In my opinion, it is entirely social gender roles that dictate the differences between people based on what's between their legs. (This isn't counting transfolks, who don't identify with what's between their legs. I don't know enough about genderqueer vs. trans to comment intelligently here.)
I read Fine's book about a year and a half ago, and I was kind of irked that there was no mention of trans traits.
How I would say it is as follows: gender is socially imprinted on people via stereotypes. Trying to get every trans person to act out the stereotypes of their preferred gender is ridiculous, because cisgendered people don't fit all those boxes perfectly either.
A personal gripe of mine is that I read somewhere that, in Australia at least, you need to explain to a psychiatrist why you are the opposite gender without relying on "I want to be." But if it's all socially defined, then the only way to do so is to shoehorn yourself into stereotypes. (This was touched on by someone else on a previous page.)
Honestly? I think the only differences caused by estrogen vs. testosterone are bodily - not on the mysterious realm of mental processes.
There's a problem in philosophy in that we don't know was consciousness really is. There's nowhere in the brain where we can point and go, "Look, it's a sentient being!" Mind does not equal brain is a common explanation of this. The problem then becomes how you define this nonphysical mind... As yet, there have been no reasonable, let alone testable, theories, for how to define the mind if it is not just the brain, but the corollary is that there have also been no reasonable, testable theories to pinpoint somewhere in the brain for consciousness.
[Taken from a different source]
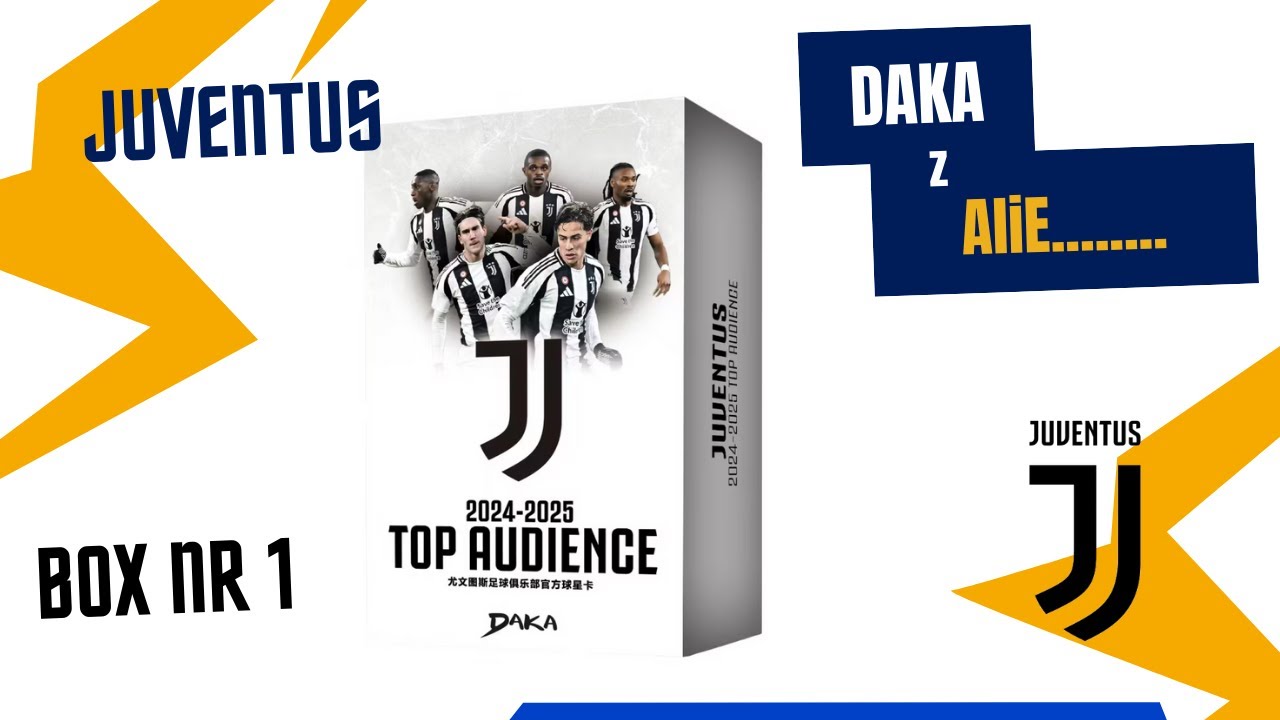 Otwieramy box DAKA Juventus z AliE.... :) Zobaczcie czy było warto ?!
It's a personal interest of mine to come up with an answer for that, but that's a very hard thing to do.
But if we can't even define somewhere in the mind that is our conscious thoughts and sentient observances, then how can any brain scan, regardless of which scan it is, or what software you use, or what statistics model there is available, how can that tell you anything about "men vs. women"?
If we were all just a bag of chemicals, then more testosterone would make people act like stereotypical men (if testosterone had any bearing on that, of course) and likewise for estrogen and stereotypical women. Because we don't satisfy the end result (I sure don't, and I'm part of the "human" subset) then the initial cause is inaccurate. It's a case of A->B. A always leads to B - that's the theory. So if you don't have B, then you don't have A either. (Note that if you did have B, it wouldn't necessarily mean A either, as you could have C->B as well.) But without B (which we don't have) then A (being a bag of chemicals only) is wrong. Hence, sentient decision-making.
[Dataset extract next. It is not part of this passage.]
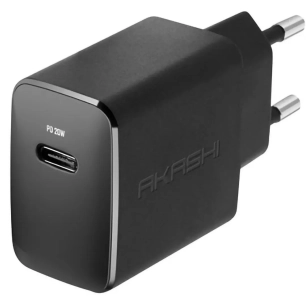 charg/secteur intelligent usb-c 20w gan - akashi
And like I said, we can't pinpoint that in the brain, so any theories trying to say what gender means will only ever be accurate by pure coincidence, with no way of knowing which one is accurate, if any, because a part of gender must be within sentience.
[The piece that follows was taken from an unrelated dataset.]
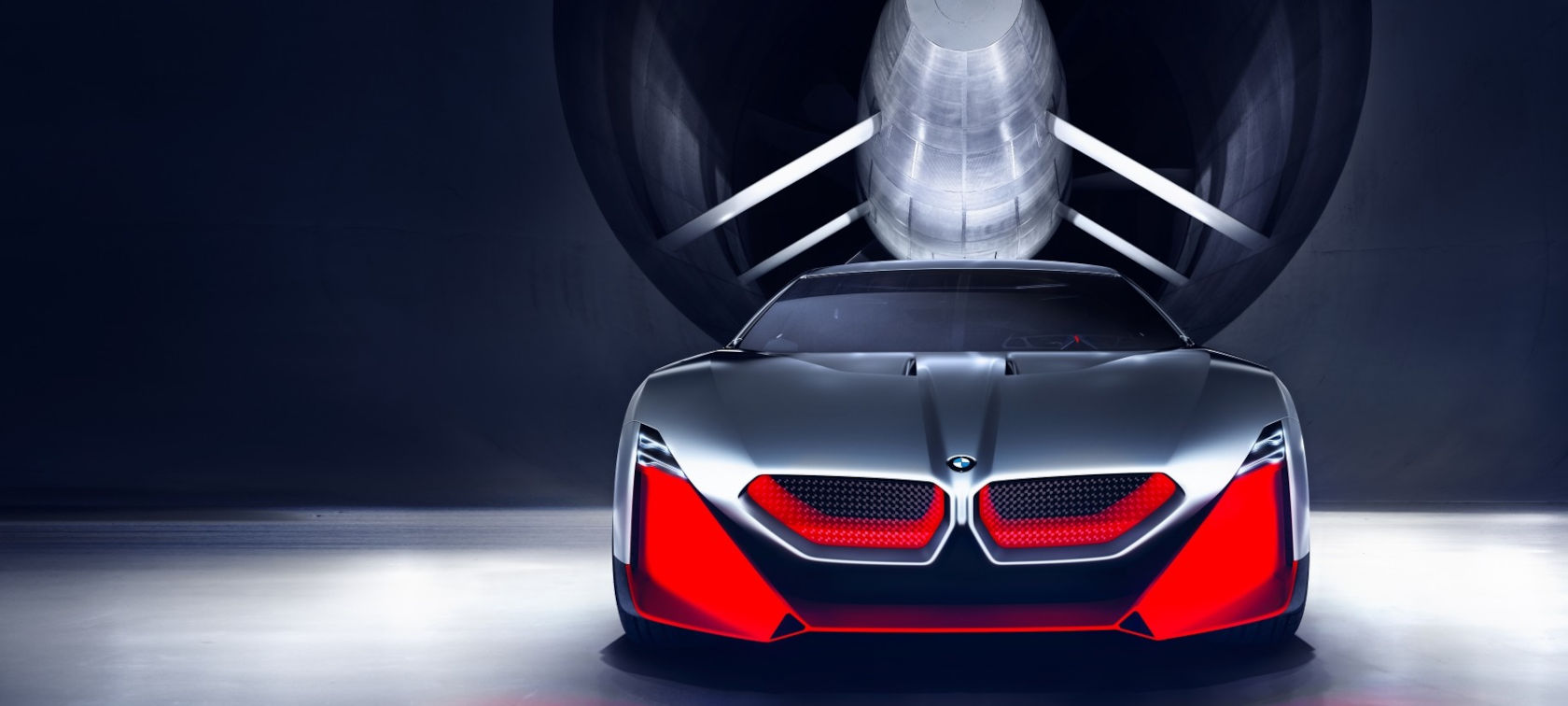 The BMW Vision M NEXT in the wind tunnel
It's an unsolvable mathematical equation at present. And even if we could pinpoint sentience, there'd be a hell of a battle in trying to say what those chemicals actually do - my hunch is that it'd all be probabilities. I mean, if you had a 100% part, then the interlocking nature of things would presumably mean that every other aspect would come down to either 100% or 0% - drawing us back to "2 people with same chemical levels would be identical" - in theory.
Okay, I'm rambling... But yeah, these are the things I've been thinking about while reading this thread.